The past few weeks have seen two major disasters in which hundreds of people lost their lives. 157 people lost their lives in the Ethiopian Airlines Boeing 737 Max crash and the Christchurch mosque massacre saw 50 people killed.
Both events were terrible tragedies that shocked people the world over. Victims and their families have been receiving messages of support on social media and many people have shown their support by making financial donations. More than US$5 million has so far been raised to help the victims of the New Zealand attack.
Unfortunately, cybercriminals are taking advantage. In the past few days, phishing campaigns have been detected that are using the tragedies to infect computers with malware and steal charitable donations.
According to New Zealand’s cybersecurity agency, CERT NZ, multiple campaigns have been detected that are using the Christchurch attack as a lure. Malware has been embedded in video footage of the tragedy which is currently being shared online, including on social media websites.
Phishing attacks are also being conducted which contain links to faked online banking forms that attempt to obtain users banking credentials. One campaign spoofed the Westpac New Zealand bank and emails appeared to have been sent from its domain. Other email campaigns contain pleas for financial assistance and supply bank account details for donations, but the details are for criminal-controlled accounts.

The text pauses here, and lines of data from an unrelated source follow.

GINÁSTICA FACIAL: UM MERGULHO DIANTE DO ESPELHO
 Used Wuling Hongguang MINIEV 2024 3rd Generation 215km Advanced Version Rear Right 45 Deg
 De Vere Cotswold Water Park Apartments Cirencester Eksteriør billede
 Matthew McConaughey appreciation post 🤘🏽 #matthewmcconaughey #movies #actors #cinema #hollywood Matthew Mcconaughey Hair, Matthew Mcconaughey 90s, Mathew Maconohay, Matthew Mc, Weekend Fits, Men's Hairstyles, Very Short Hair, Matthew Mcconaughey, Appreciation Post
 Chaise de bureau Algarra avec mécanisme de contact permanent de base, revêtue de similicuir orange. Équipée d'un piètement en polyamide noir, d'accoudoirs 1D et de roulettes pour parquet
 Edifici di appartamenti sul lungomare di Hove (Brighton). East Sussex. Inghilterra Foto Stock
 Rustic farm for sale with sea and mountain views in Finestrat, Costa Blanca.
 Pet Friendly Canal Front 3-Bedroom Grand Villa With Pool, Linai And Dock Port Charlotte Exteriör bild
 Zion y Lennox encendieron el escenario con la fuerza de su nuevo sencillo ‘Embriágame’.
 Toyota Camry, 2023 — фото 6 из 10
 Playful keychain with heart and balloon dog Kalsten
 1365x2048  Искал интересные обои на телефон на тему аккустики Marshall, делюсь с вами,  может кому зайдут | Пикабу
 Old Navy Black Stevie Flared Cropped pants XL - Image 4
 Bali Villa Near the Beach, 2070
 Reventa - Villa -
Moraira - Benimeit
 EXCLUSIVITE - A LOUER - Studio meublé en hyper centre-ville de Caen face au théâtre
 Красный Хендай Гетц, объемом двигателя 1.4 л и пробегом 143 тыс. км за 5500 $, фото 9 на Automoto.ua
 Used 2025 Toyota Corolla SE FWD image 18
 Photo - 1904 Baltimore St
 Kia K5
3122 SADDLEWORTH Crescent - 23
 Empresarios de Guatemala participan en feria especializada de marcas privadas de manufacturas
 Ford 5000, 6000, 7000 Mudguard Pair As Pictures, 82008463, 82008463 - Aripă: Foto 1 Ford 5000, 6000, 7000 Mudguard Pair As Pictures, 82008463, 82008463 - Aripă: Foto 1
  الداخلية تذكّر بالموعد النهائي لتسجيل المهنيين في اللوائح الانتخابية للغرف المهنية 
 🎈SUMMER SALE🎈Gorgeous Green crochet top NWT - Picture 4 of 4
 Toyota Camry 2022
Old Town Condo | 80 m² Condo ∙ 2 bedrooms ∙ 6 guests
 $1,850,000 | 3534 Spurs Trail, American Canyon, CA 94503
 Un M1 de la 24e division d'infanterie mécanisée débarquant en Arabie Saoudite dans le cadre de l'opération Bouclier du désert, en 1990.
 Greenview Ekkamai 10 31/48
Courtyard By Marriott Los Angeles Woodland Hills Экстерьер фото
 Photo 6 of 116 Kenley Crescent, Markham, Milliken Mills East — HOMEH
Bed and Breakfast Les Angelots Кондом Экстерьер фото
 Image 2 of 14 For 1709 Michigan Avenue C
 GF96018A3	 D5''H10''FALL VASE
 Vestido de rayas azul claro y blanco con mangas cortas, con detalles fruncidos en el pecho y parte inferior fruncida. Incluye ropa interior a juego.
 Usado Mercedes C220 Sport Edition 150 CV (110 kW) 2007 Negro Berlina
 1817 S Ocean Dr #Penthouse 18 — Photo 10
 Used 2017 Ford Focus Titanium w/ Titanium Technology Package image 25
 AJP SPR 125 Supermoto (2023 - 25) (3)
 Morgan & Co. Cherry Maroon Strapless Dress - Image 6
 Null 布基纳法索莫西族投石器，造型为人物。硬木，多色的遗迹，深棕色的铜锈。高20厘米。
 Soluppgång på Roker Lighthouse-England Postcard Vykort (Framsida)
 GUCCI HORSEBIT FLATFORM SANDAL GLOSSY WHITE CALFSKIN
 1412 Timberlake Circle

Another campaign has been detected that is using the Ethiopian Airlines Boeing 737 Max crash to spread a remote access Trojan and information stealer. The emails claim to offer information to air travelers about airlines that are likely to also suffer crashes. The emails offer information that has been found on the darkweb by a security analyst. The emails include a JAR file which, it is claimed, has important information for all air travelers on airlines to avoid due to the risk of plane crashes.
Whenever there is a tragedy that is extensively covered in the media cybercriminals try to take advantage. By adopting cybersecurity best practices such as never opening email attachments from unknown senders nor clicking links in emails, these scams can be avoided.
Unfortunately, email spoofing makes it difficult to detect phishing threats. Scam emails often appear genuine and seem to have been sent from a trusted source. To combat the threat to businesses, TitanHQ has recently updated its spam filtering solution, SpamTitan, to provide greater protection from these threats.
SpamTitan now incorporates DMARC to authenticate senders of emails and protect against email impersonation attacks. To provide even greater protection from malware, in addition to dual anti-virus engines, SpamTitan now incorporates a Bitdefender-powered sandbox, where suspicious files can be safely analyzed to determine whether they are malicious.
These additional controls will help to protect businesses and end users from new malware threats and advanced phishing and email impersonation scams.